A hundred years ago, in 1917, Albert Einstein had a problem. He had just come up with a beautiful new theory of gravity called general relativity. But the theory predicted that the universe should either expand or contract. Even for Einstein, this was a bridge too far. The universe, though it might have had a beginning, certainly did not appear to be changing.
General relativity is a rigid theory; little of it can be changed without destroying its elegant mathematical structure. The only wiggle room was a single quantity, which Einstein called the cosmological constant. If he assumed this quantity was zero, the equations looked particularly simple, but they required the universe to be dynamical.
The gravity of ordinary matter (such as galaxies) is attractive. Introducing a positive cosmological constant adds a repulsive counterforce. By setting the cosmological constant to a particular nonzero value at which the two tendencies cancel each other, Einstein thought he could get his theory to spit out a static, unchanging universe.
Einstein later called this idea his “biggest blunder,” an accurate assessment. First, his move doesn’t actually accomplish the task: Einstein’s static universe is unstable, like a pencil balanced on its tip. Because matter is distributed unevenly, the opposing forces couldn’t possibly be arranged to balance out everywhere. Individual regions would soon begin to expand or contract. Worse, Einstein missed out on a spectacular prediction. Had he believed his own equations, he could have anticipated the 1929 discovery that galaxies are in fact receding from one another.
This dramatic turn of events proved that the universe was not static. But an expanding universe didn’t imply that the cosmological constant was necessarily zero! As quantum field theory triumphed in the second half of the 20th century as a description of elementary particles, physicists recognized that the cosmological constant “wants to be there.” The very theories predicting with unprecedented accuracy the behavior of small particles also implied that empty space should have some weight, or “vacuum energy.” This kind of energy happens to be indistinguishable from a cosmological constant, as far as the equations of general relativity are concerned.
So it was no longer an option to set the cosmological constant to zero. Rather, it had to be calculated. Estimates indicated an enormous value—save for some unlikely precise cancellation between large positive and negative contributions from different particles. But a huge cosmological constant would show up as a repulsive force that would blow up the entire universe in a split second (or, alternatively, would cause it to collapse instantly, if the constant happened to come out negative). Evidently this was not what the universe was doing.
This drastic conflict between theory and observation is the “cosmological constant problem.” It remains the most serious problem in theoretical physics. It has contributed to the development of revolutionary ideas, particularly the multiverse and the “landscape” of string theory.
The string landscape solves the cosmological constant problem by a strategy similar to throwing many darts randomly: Some will hit the bullseye by accident.
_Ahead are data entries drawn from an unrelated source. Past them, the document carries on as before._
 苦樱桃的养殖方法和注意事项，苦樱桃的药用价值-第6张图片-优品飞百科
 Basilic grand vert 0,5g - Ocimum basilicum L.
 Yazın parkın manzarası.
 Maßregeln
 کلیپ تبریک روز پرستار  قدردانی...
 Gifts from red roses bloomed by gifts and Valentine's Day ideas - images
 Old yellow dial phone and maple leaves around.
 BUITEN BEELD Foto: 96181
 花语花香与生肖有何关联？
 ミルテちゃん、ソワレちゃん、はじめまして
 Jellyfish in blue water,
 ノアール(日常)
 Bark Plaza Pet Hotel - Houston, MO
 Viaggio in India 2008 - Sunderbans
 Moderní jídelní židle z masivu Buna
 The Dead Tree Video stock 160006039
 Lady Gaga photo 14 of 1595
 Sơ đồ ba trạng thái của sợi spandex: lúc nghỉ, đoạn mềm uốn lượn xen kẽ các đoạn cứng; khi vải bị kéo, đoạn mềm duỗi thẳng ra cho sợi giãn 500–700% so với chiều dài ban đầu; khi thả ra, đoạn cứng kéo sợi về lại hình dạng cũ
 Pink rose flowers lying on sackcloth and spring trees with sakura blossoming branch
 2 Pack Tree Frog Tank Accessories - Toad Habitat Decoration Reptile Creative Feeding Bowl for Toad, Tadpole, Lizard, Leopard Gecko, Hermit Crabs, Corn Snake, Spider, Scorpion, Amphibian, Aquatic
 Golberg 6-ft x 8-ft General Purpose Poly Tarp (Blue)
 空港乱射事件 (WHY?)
In string theory there are many different ways of making empty space, and they would all get realized as vast regions in different parts of the universe. In some regions, the universe “hits the bullseye”—the cosmological constant is accidentally small. There, spacetime does not quickly explode or collapse, so structure and observers are more likely to evolve in these lucky regions.
A crucial prediction of this approach was pointed out by Steven Weinberg in 1987: If an accidental near-cancellation is the reason the cosmological constant is so small, then there’s no particular reason for it to be exactly zero. Rather, it should be large enough to have a just-noticeable effect.
In 1998, astronomers did find such an effect. By observing distant supernovae, we can tell that the universe is not just expanding but accelerating (expanding ever more rapidly). Other observations, such as the history of galaxy formation and the present rate of expansion, have since provided independent evidence for the same conclusion. Empty space is filled with vacuum energy. In other words, there’s a positive cosmological constant of a particular value, which we have now measured.
The cause of the acceleration is sometimes described more dramatically as a “mysterious dark energy.” But in science we shouldn’t embrace mystery where there is none. If it walks like a duck and quacks like a duck, we call it a duck. In this case, it accelerates the expansion and affects galaxy formation precisely like a cosmological constant, so we should call it by its name.
One of the most fascinating consequences of a positive cosmological constant is that we’ll never see much more than the present visible universe. In fact, billions of years from today the most distant galaxies will begin to disappear, accelerated out of sight too far for light from them to reach us. Eventually our local group of galaxies will hover alone in a vast emptiness filled with nothing but vacuum energy.